2. Le monde international du travail regorge de défis de taille. Le chômage augmente aux quatre coins du globe, les jeunes représentant 40% des chômeurs. Les marchés du travail souffrent d’anomalies permanentes, telles que la grande quantité de travailleurs informels, en particulier dans les pays en voie de développement, le niveau croissant de chômeurs longue durée dans les pays industrialisés, les 400 millions d’employés qui gagnent si peu d’argent qu’ils vivent dans une pauvreté extrême. Les trois-quarts de la population mondiale ne bénéficient d’aucune protection sociale et les droits du travail et des syndicats sont largement bafoués, allant jusqu’à des menaces, du harcèlement et le meurtre de syndicalistes. Le fossé social croissant entre et au sein des sociétés est le foyer idéal de nombreux conflits. Dans les décennies à venir, la question de la transition sociale internationale vers des systèmes économiques durables sera au coeur des préoccupations pour lutter contre le changement climatique. Enfin, comment des approches alternatives pourront faire face à la puissance des multinationales, à la concurrence sur les sites de production et à la répression de l’État ?
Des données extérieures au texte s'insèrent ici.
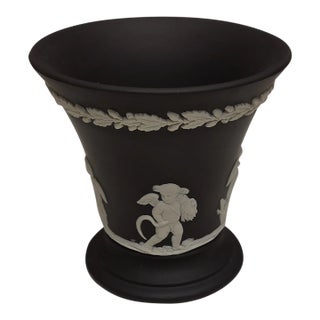 Vintage MCM Wedgwood Black Jasperware Trumpet Vase For Sale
3. Des emplois décents pour tous, un défi crucial pour le développement économique et social. La création d’emplois et l’amélioration des conditions de travail permettront aux individus, aux états et aux communautés de sortir de la pauvreté et d’améliorer les conditions de vie. Plein emploi et travail décent revêtent une importance capitale pour assurer la durabilité sociale et économique dans le cadre international. Il s’agit, après tout, d’un défi constant et récurrent concernant tous les pays, à savoir les pays en voie de développement, les pays seuils ou les pays industrialisés.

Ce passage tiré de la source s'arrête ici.